As administrative control of the Cardinal Conversations program transitions from the Hoover Institution and the Freeman Spogli Institute for International Studies (FSI) to the Office of the Vice Provost for Student Affairs, Susie Brubaker-Cole, three faculty advisors and certain student organizations are set to oversee the renaming and restructuring of the high-profile speaker series in the aftermath of scandal and controversy.
Foremost among the coming changes will be the creation of a new student steering committee with authority over the content and format of programming.
These changes are the continuation of a restructuring process that began in September, when Provost Persis Drell announced in a “Notes from the Quad” post that the program would be rethought in the 2018-2019 academic year, with the leadership structure redesigned and speaker involvement rethought.
The movement of Cardinal Conversations away from the Hoover Institute comes after student concern about the conservative leanings of the Institution, according to Brubaker-Cole.
“I know that [involvement with Hoover] was something that a lot of students objected to because it appeared to be more partisan than [Cardinal Conversations] was intended to be,” she said. “So it’s moving to [the] non-partisan, neutral administrative home of Student Affairs.”
Drell has called for the faculty leaders to convene a new student steering committee with authority over the series’ content and format. The committee will likely include nine to 10 students representing “a broad range of diversity on our campus, from ideological [and] political diversity to diversity in backgrounds [and] identities,” according to Brubaker-Cole.
Brubaker-Cole said her position is intended to be predominantly administrative.
“It’s not my vision,” she told The Daily. “I am a neutral facilitating party in this.”
In an email to The Daily, Brad Hayward, associate vice president for University communications, reiterated that Student Affairs will not be making substantive decisions for the redesigned Conversations program.

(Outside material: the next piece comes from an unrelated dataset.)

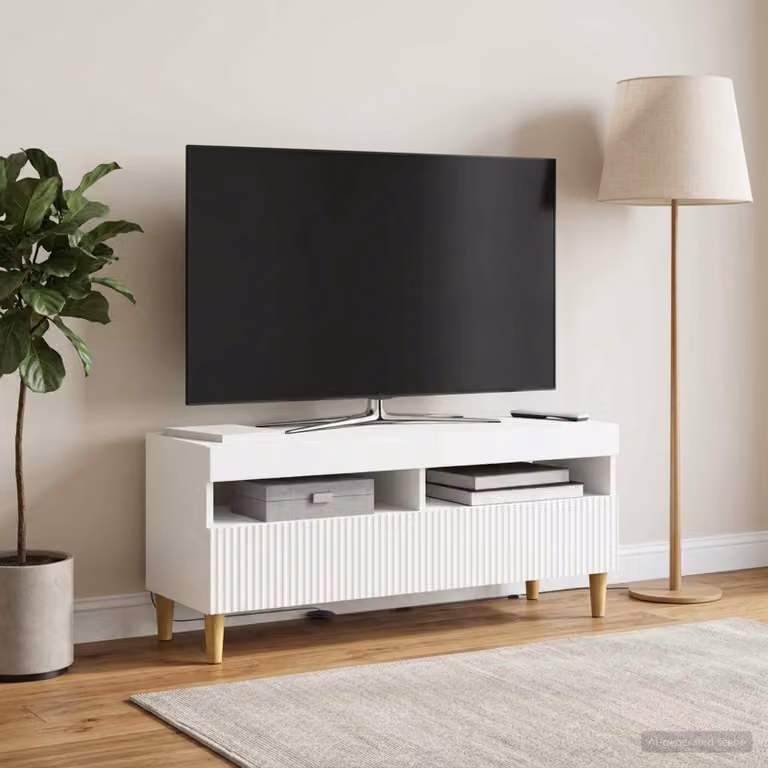 Mobile TV LED vidaXL ARNHEM Bianco con illuminazione integrata e scomparti multimediali L 100 cm, P 35 cm, H 43 cm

“The Provost asked [Brubaker-Cole] to serve as the administrative home for the program to work with the student and faculty committee to provide logistics and facilitation,” Hayward wrote. “Decisions about the membership of the student committee, topics, speakers and program format are the purview of the student/faculty committee.”
Student leadership
Last year – the first in which Cardinal Conversations was held – saw FSI’s Michael McFaul and Hoover’s Niall Ferguson working with a steering committee of undergraduate representatives from various student groups and publications, including the Associated Students of Stanford University (ASSU), the Stanford Political Union (SPU), Stanford in Government (SIG), The Stanford Sphere and The Stanford Review.
Accounts vary regarding the distribution of power between the steering committee and faculty leaders. Ferguson said members “kicked around ideas” and were involved in recruiting speakers, while McFaul described his own capacity as “working with students” and “helping to assemble” talks. Stanford News reported that student members “chose the topics” of discussion.
Last year’s student steering committee was criticized by a coalition of student activists over allegations of political bias and inadequate transparency.
“There is … no public knowledge on how the committee was formed,” the coalition wrote in an op-ed. “The leadership of Cardinal Conversations as a whole leans toward the right of the political spectrum, thus the speakers the initiative invites neither represent both sides of the story nor raise the voices of communities that have been historically silenced.”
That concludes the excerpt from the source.